[Records to use Boundary: Start]
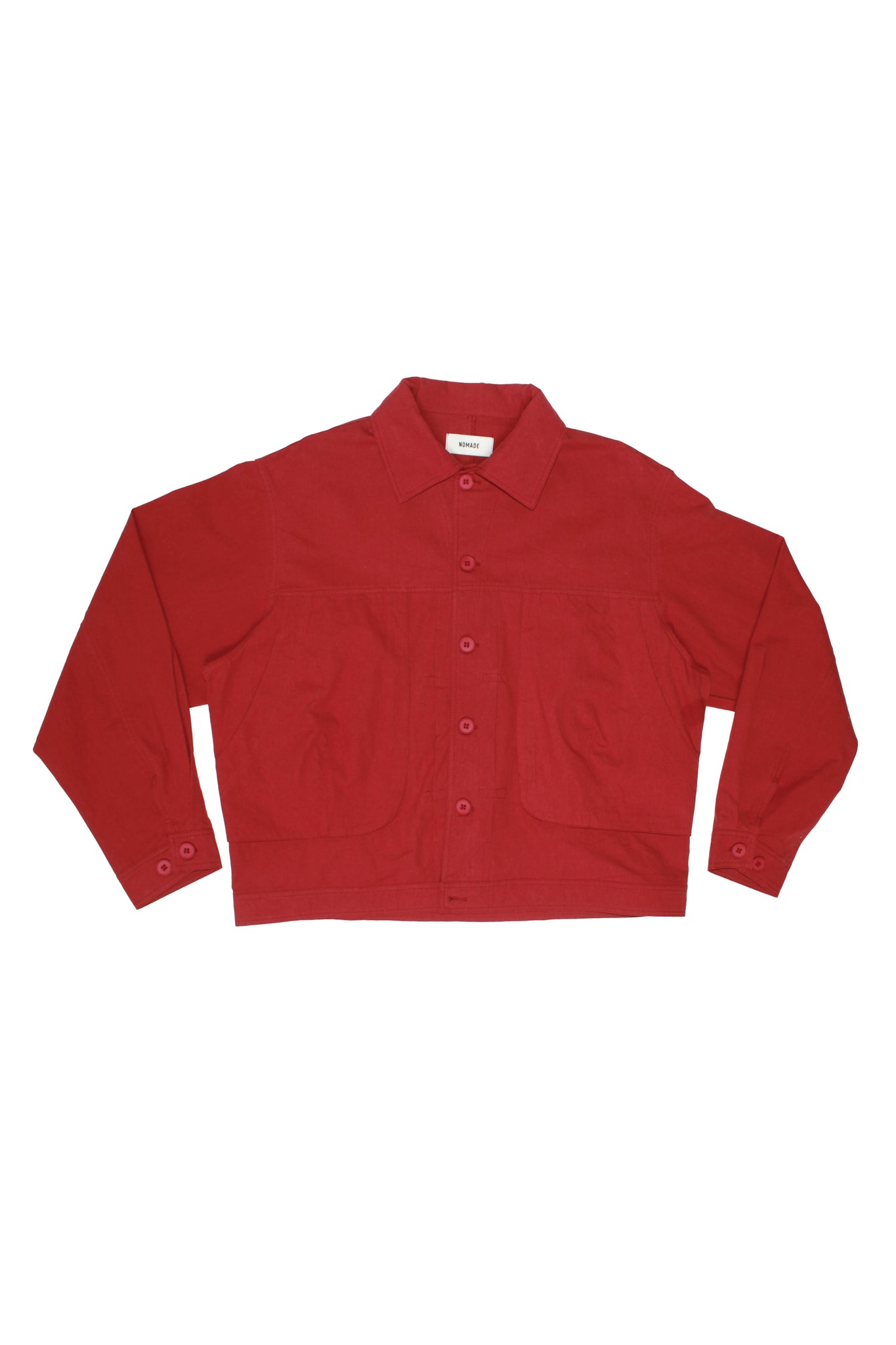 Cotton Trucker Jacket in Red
[Records to use Boundary: End]
[Records to use Boundary: Start]
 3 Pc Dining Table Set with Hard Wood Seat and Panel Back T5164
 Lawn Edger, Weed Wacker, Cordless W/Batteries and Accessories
[Records to use Boundary: End]
What you should do: Each line above from the one with "3 Pc Dining" up to and including the one with "Lawn Edger, Weed" must be set down exactly, and no line outside that span may appear.

Answer to the problem:
 3 Pc Dining Table Set with Hard Wood Seat and Panel Back T5164
 Lawn Edger, Weed Wacker, Cordless W/Batteries and Accessories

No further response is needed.